Two weeks of fighting between Armenia and Azerbaijan have killed about 600 people to date, AP reports from Armenia, where tensions between the two nations have embroiled the neighboring countries of Russia and Turkey.
The latest: A Russia-brokered ceasefire fell apart over the weekend. And Turkey’s foreign minister said today that any future ceasefire deal should require “an Armenian withdrawal from Azeri lands,” Reuters reports from Ankara.
Background: “More than two weeks of deadly clashes marked the biggest escalation of a decades-old conflict over Nagorno-Karabakh, which lies in Azerbaijan but has been under control of ethnic Armenian forces backed by Armenia since the end of a separatist war in 1994,” AP writes. “Both sides have repeatedly accused each other of attacks amid appeals from the [sic] around the globe to end the hostilities and start peace talks.”

Elon Musk is building a rocket to send 80 tons of cargo anywhere in the world in just 60 minutes, according to U.S. Transportation Command’s Army Gen. Stephen Lyons. “In comparison, a US C-17 Globemaster, a military transport aircraft costing $218 million with a maximum speed of 590 mph, would complete this journey in about 15 hours,” Business Insider reported after Lyons remarks.
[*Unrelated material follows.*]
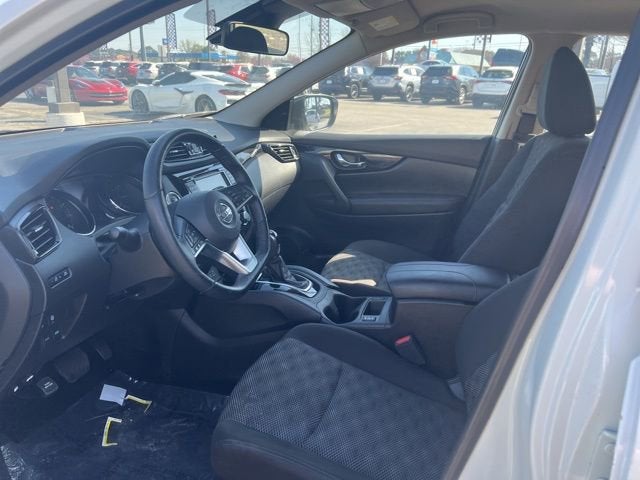 2022 Nissan Rogue Sport SV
Worth noting: “Another aerospace company, Exploration Architecture Corporation, will also be part of the research program.” And “In August, SpaceX won 40% of a billion-dollar agreement with the Department of Defense to launch new rockets for the Space Force. The remaining 60% went to United Launch Alliance.” Continue reading, here.
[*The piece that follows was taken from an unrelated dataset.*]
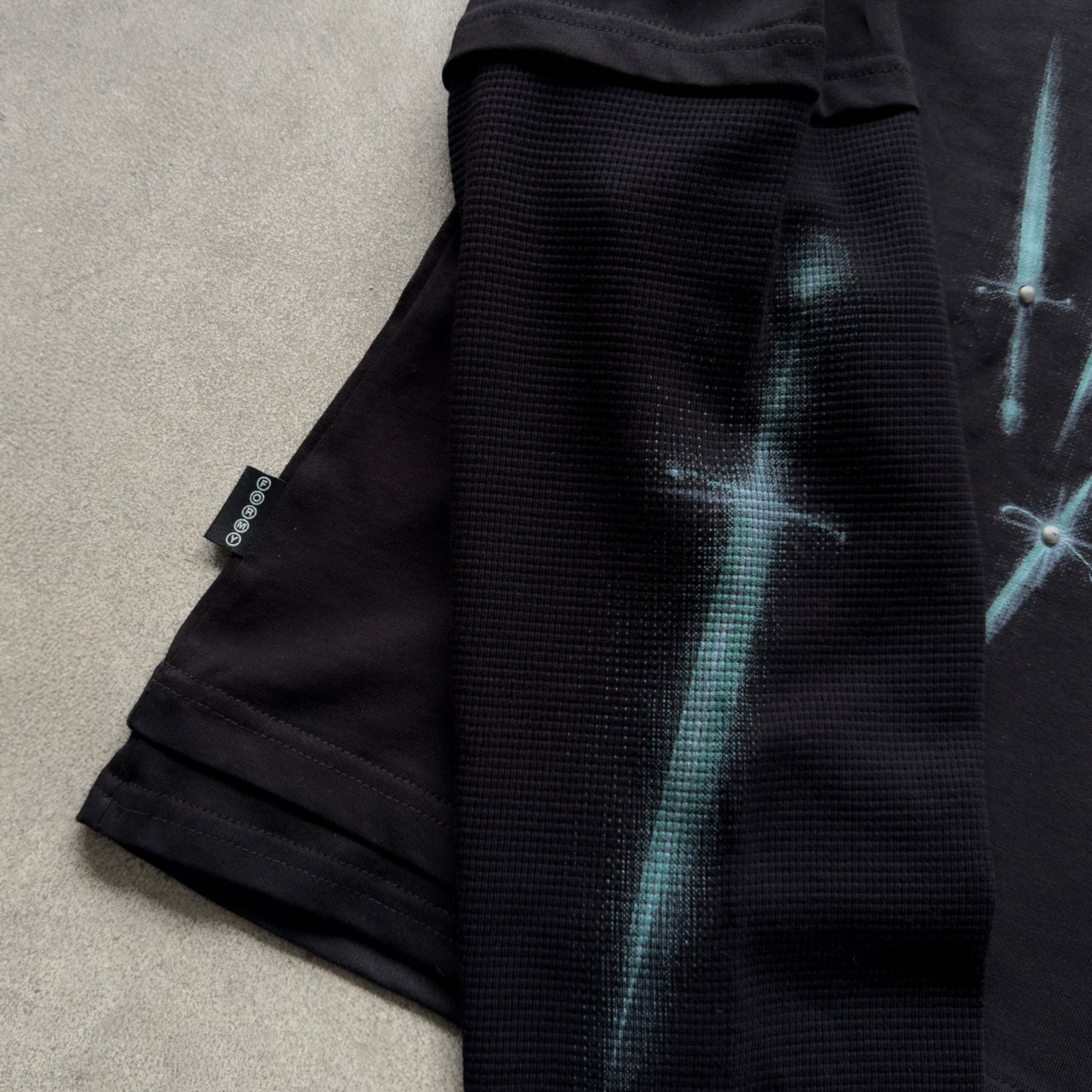 Formy Studio Eleven Swords Doublesleeve Black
Lastly today: Polish Navy divers are working to defuse the largest unexploded World War II bomb ever found in the country, Reuters reports. More than 750 people have been evacuated from their homes while EOD specialists work on the 5,400-kg Tallboy bomb found in the Piast Canal, which connects the Baltic Sea with the Oder River. The bomb is thought to have been dropped by a British Royal Air Force bomber in 1945 in an attack on the German cruiser Lutzow. A bit more, here.